Colorado Springs News, Sports & Business

Gazette Premium Content Agility competition training can help boost animals' self-confidence and behavior

3 photos photo - Colleen McLaughlin congratulates her dog Sky after they competed in the dog agility competition at the 2014 Rocky Mountain State Games Friday, July 25, 2014, at America the Beautiful Park in Colorado Springs.   (The Gazette, Christian Murdock) + caption
Colleen McLaughlin congratulates her dog Sky after they competed in the dog agility competition at the 2014 Rocky Mountain State Games Friday, July 25, 2014, at America the Beautiful Park in Colorado Springs. (The Gazette, Christian Murdock)
By Kalyn Kahler kalyn.kahler@gazette.com - Updated: July 25, 2014 at 10:36 pm

Melian stood confidently at the start of the dog agility course at the Rocky Mountain State Games, legs quivering in anticipation. She waited anxiously to respond to the call of her owner, LeNore Ralston. But just a few years ago, Melian quivered when a branch fell off a tree, a car drove past or another dog came into sight. The black lab responded anxiously to every small noise or movement around her.

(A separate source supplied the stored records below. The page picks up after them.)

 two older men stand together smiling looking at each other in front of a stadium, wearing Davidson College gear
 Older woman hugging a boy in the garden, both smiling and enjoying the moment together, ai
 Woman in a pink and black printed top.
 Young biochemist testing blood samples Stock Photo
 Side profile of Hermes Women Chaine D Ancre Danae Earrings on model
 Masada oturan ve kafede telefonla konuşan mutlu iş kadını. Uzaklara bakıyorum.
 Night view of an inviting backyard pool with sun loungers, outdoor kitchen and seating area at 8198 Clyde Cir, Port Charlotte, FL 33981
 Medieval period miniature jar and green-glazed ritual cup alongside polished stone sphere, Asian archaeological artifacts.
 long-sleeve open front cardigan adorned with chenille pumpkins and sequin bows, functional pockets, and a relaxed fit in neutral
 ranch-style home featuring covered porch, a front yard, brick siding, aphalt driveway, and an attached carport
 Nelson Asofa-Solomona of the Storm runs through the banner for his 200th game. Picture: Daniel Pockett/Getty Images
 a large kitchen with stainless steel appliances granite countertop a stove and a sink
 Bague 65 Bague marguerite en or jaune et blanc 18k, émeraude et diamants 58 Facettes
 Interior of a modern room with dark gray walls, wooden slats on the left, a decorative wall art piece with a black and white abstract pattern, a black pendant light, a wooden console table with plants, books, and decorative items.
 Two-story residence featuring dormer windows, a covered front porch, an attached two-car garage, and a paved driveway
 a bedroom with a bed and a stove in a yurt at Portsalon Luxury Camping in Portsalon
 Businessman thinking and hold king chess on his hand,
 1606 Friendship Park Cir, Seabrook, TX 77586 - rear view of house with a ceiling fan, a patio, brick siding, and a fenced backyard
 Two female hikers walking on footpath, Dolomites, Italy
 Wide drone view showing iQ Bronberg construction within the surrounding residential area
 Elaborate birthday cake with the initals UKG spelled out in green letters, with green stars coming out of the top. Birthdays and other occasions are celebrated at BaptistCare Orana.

"I could not walk her down the street," Ralston said. "A leaf would blow and she would freak out. She has what I call, a 'danger, danger' bark."

Ralston, dressed for the Games' only nonhuman sport in dog-bone earrings and a ring decorated with paw prints, rescued Meli as an 8-week old puppy. Meli's previous owners were unlicensed breeders, and she and her littermates went straight to the shelter at Colorado Springs-based All Breed Rescue & Training.

The Colorado Springs native began working with Meli on agility training to see if it could help change her behavior. As her training progressed, and Meli began to compete a year ago, she transformed into an easygoing dog and now has her Canine Good Citizen certificate.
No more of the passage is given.